The French painter, known for his sensuous depictions of Classical figures, painted the 3ft 1in x 17in (96 x 44cm) oil on canvas in 1926, a few years after he discovered Cubism through the work of Georges Braque.
During this decade his nudes became more geometrical, echoing Picasso’s contemporary ‘Pompeiian’ figures and the nudes of Poussin. His exposure to the Nabis and Fauvism also lent colour to his work.
Considered a prime example from his 1920s period, the nude offered by Piguet was knocked down at SFr55,000 (£50,000), nearly four times its upper estimate.

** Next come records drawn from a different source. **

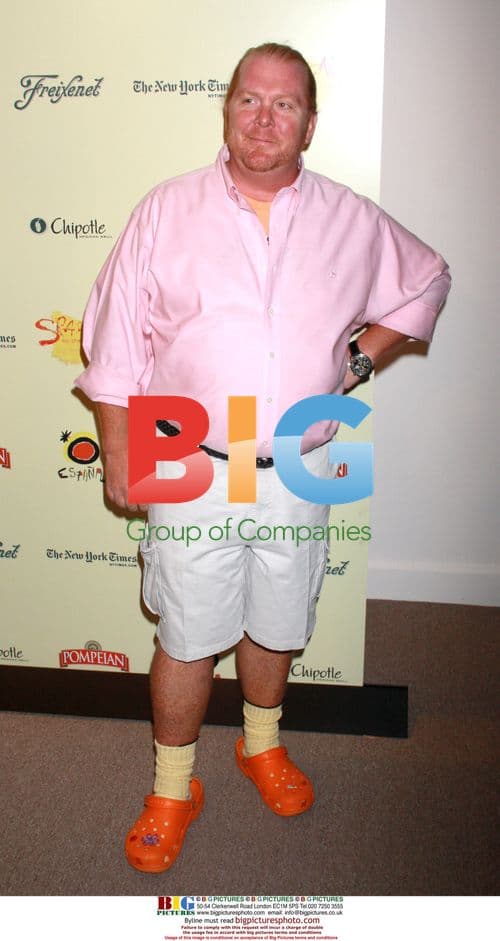 Mario Batali at 'Spain...on the Road Again' Launch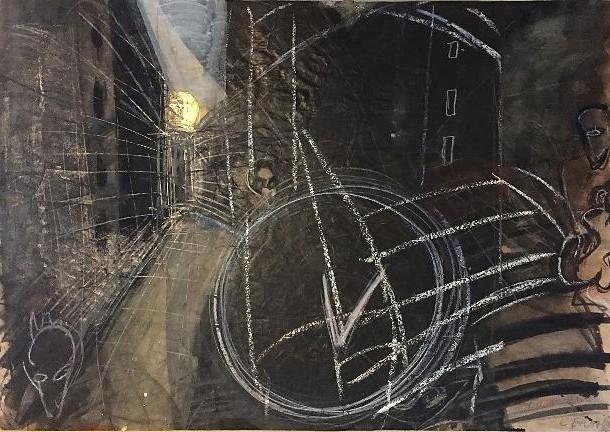 Scheunenviertel 1 - Ellen Fuhr 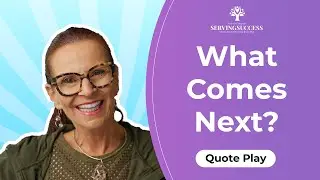 What Comes Next? | Serving Success Vlog | Dr. Success | Andrea Goeglein
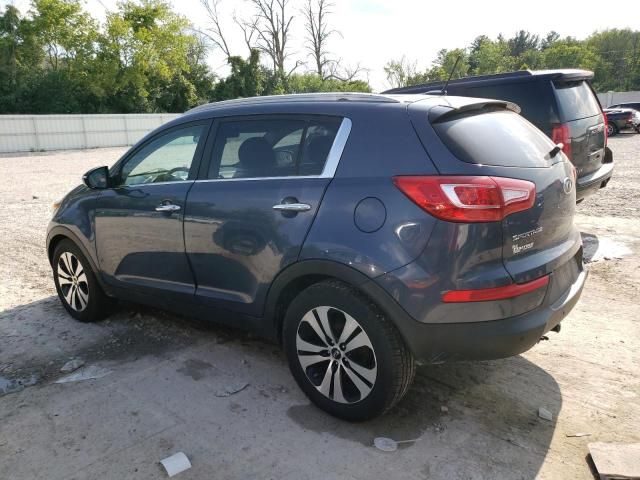 2012 KIA Sportage EX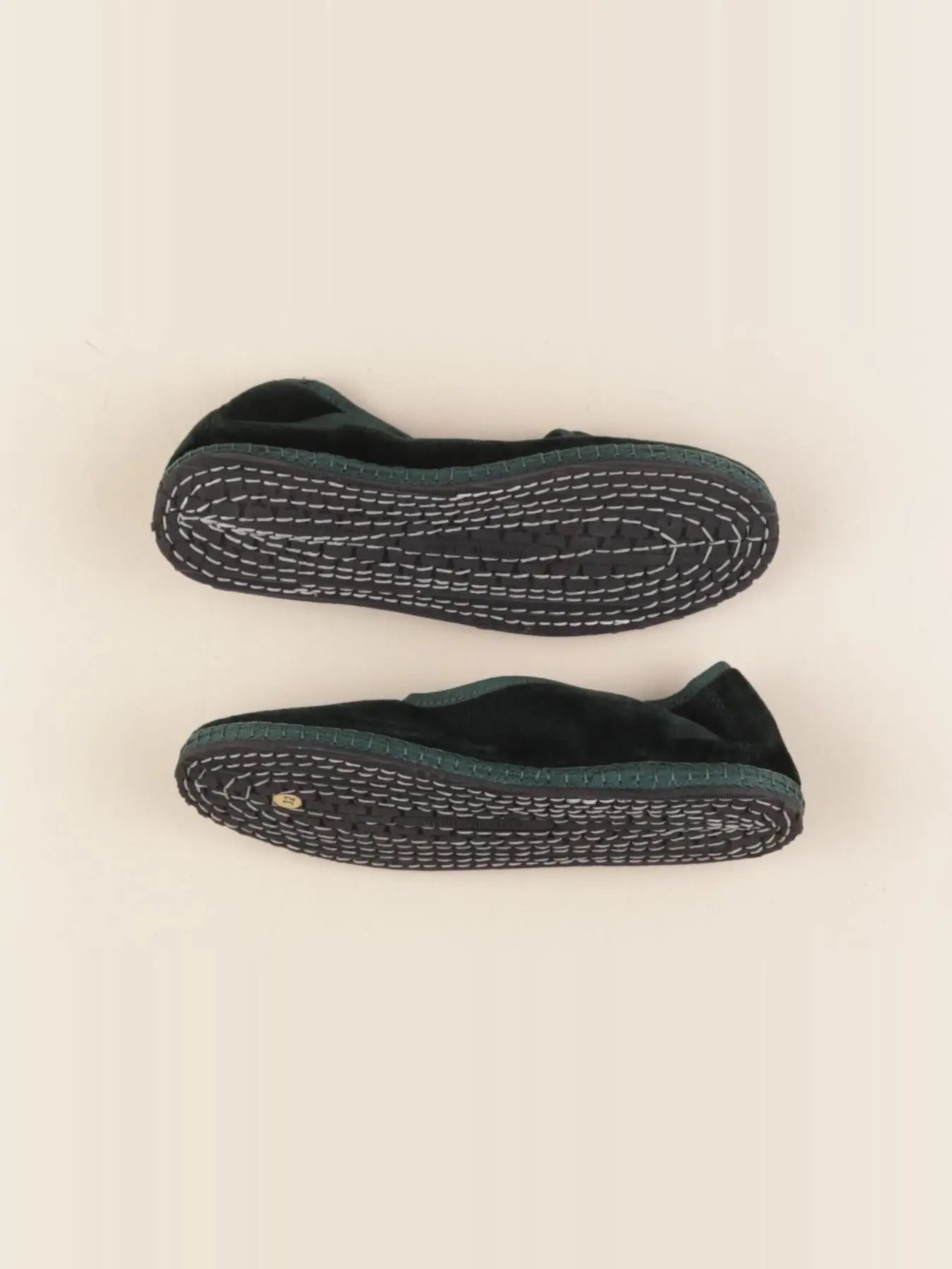 Piedàterre - chaussons vert - pointure 32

Though he never reached the same heights as the artists that inspired him, Souverbie is nevertheless regarded as a key figure in 20th century art and enjoyed international recognition in his time. Among his best-known commissions where the monumental sets and costumes he designed for the Opéra Garnier in Paris.
The sale on March 15 also featured an intimate work showing a yacht painted in 1905 by the French Impressionist Pierre Bonnard (1867-1947).
It was among a series of pictures he created on the beaches around Dieppe where the French painter would escape when Paris got too much. “In Paris I am a critic, I cannot work there, there is too much noise, too many distractions. I know that other painters get used to this life,” he once said.
Notably, the orange-pink tones used in the sky shows the beginnings of Bonnard’s experimentation with Fauvism. Appearing at auction for the first time in over 40 years, the 9 x 6in (23 x 16cm) oil on panel was knocked down at a mid-estimate SFr65,000 (£59,000).